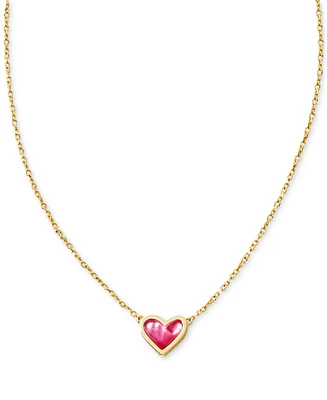 Kendra Scott Gold-Tone Framed Ari Heart Short Pendant 19" Necklace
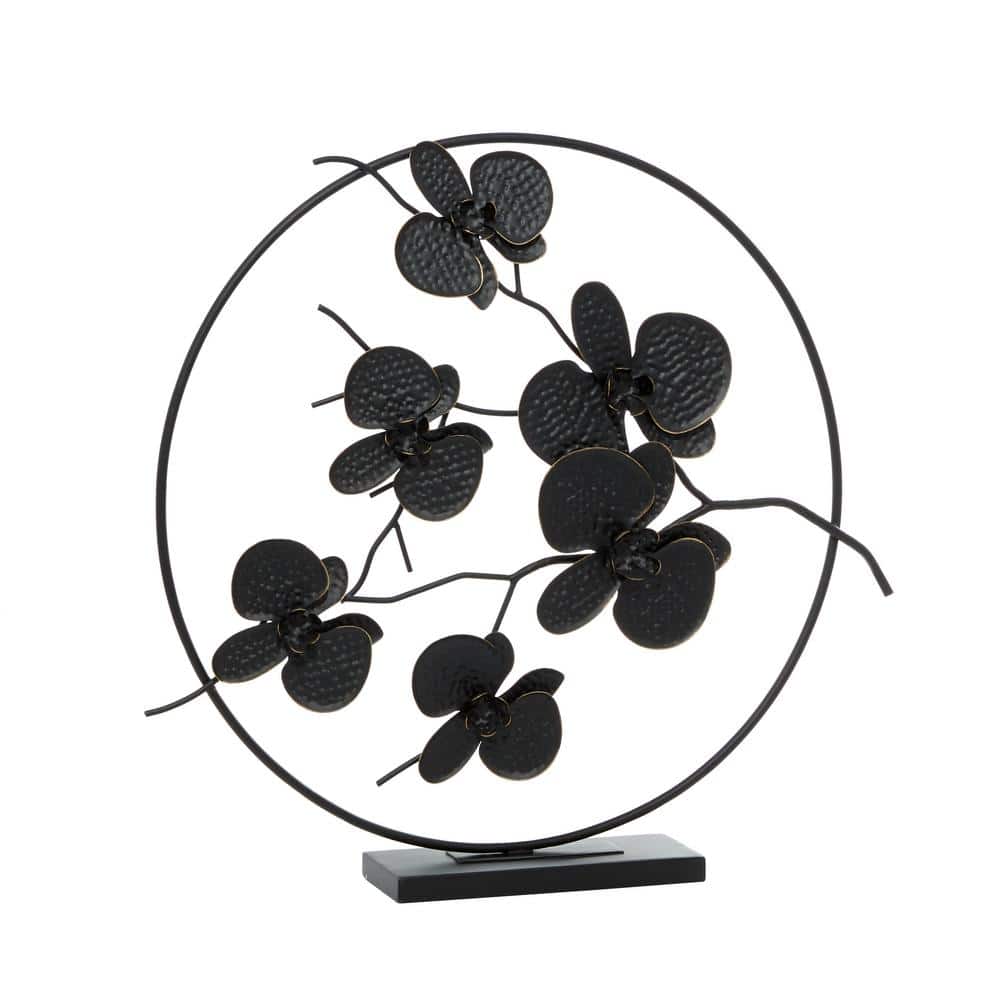 Elegant Black Metal Orchid Floral Sculpture 26"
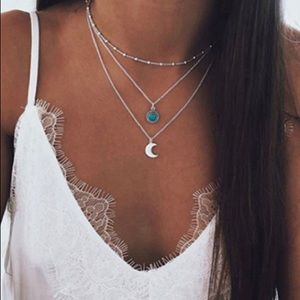 Accent Choker - Turquoise Gem / Silver Moon Charm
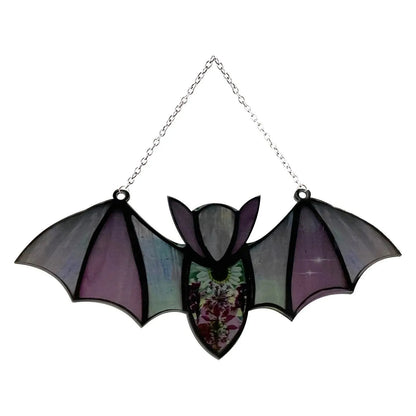 Acrylic bat-shaped wall pendant with modern art print, showing size and colour style options.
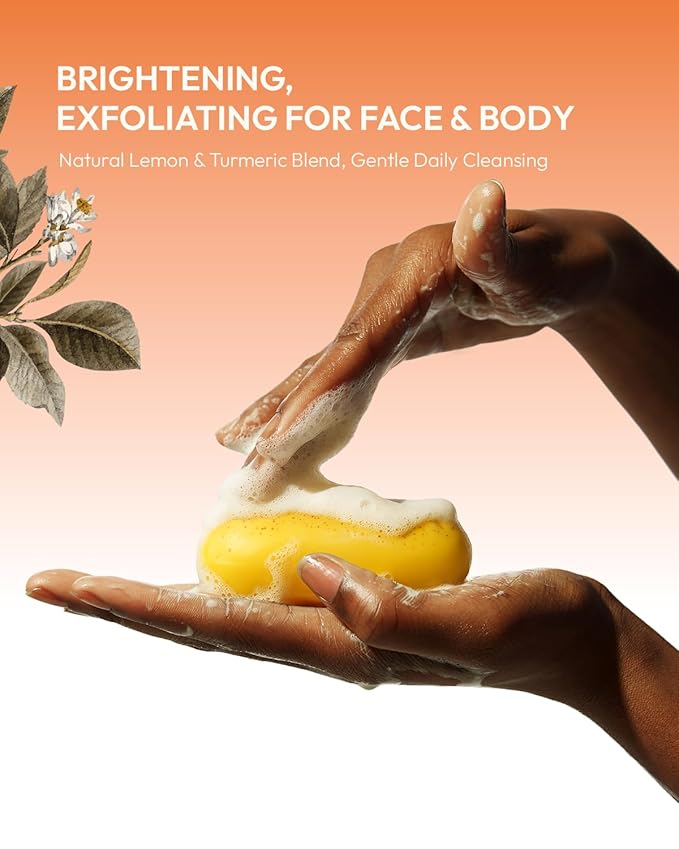 Lemon Turmeric Kojic Acid Soap – Exfoliating Soap with Almond Particles for Dark Spots, Vitamin C and Extra Shea Butter, Gentle Brightening & Moisturizing for Face and Body – 105g x 2 Bars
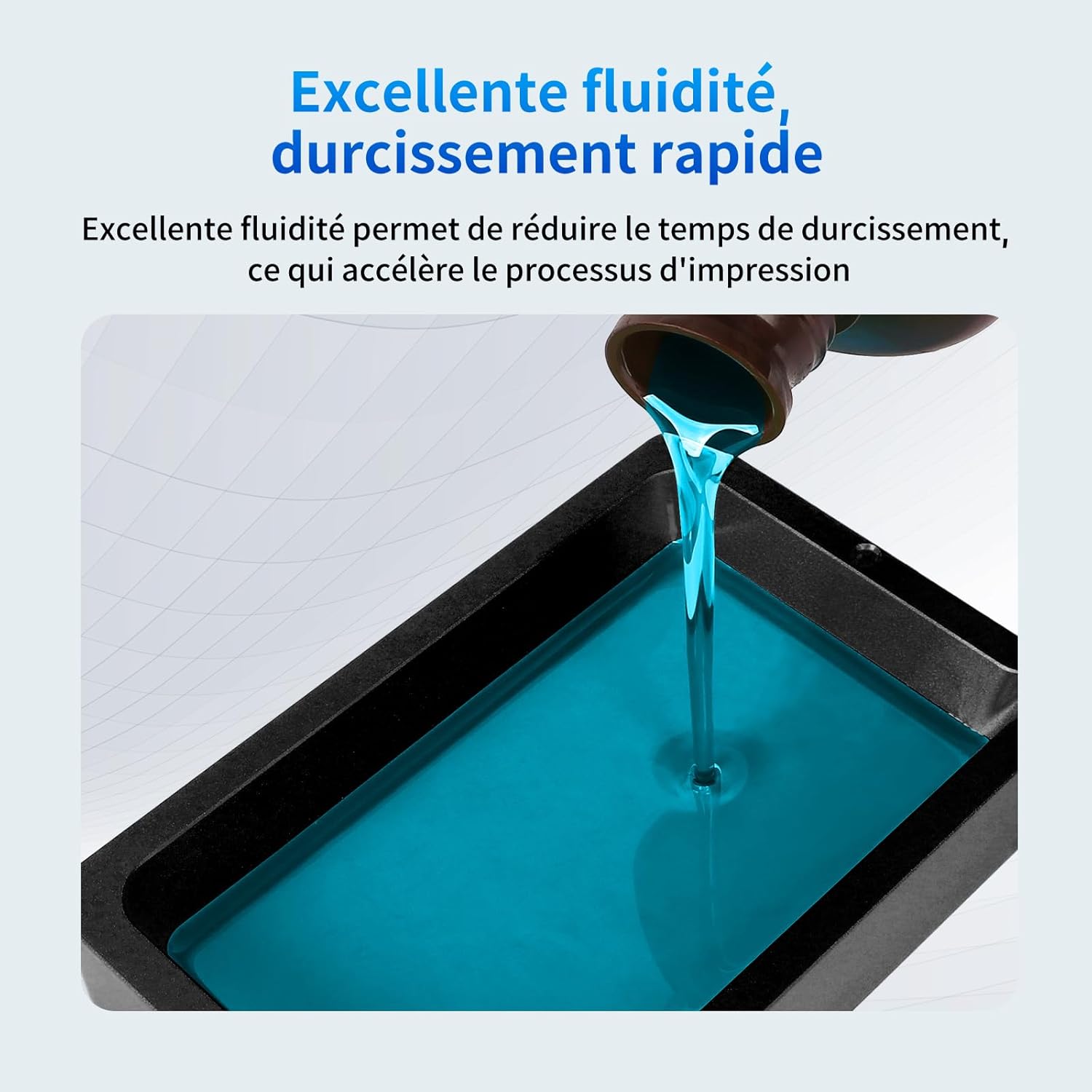 ANYCUBIC Résine Imprimante 3D Standard UV 405nm 1kg - Bleu transparent - IR3D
========================
▶ [The problem]:
From the line holding "Elegant Black Metal" to the final line of the data above, give each line again exactly, both ends included, and drop the pictures.

▶ [Solution to the problem]:
 Elegant Black Metal Orchid Floral Sculpture 26"
 Accent Choker - Turquoise Gem / Silver Moon Charm
 Acrylic bat-shaped wall pendant with modern art print, showing size and colour style options.
 Lemon Turmeric Kojic Acid Soap – Exfoliating Soap with Almond Particles for Dark Spots, Vitamin C and Extra Shea Butter, Gentle Brightening & Moisturizing for Face and Body – 105g x 2 Bars
 ANYCUBIC Résine Imprimante 3D Standard UV 405nm 1kg - Bleu transparent - IR3D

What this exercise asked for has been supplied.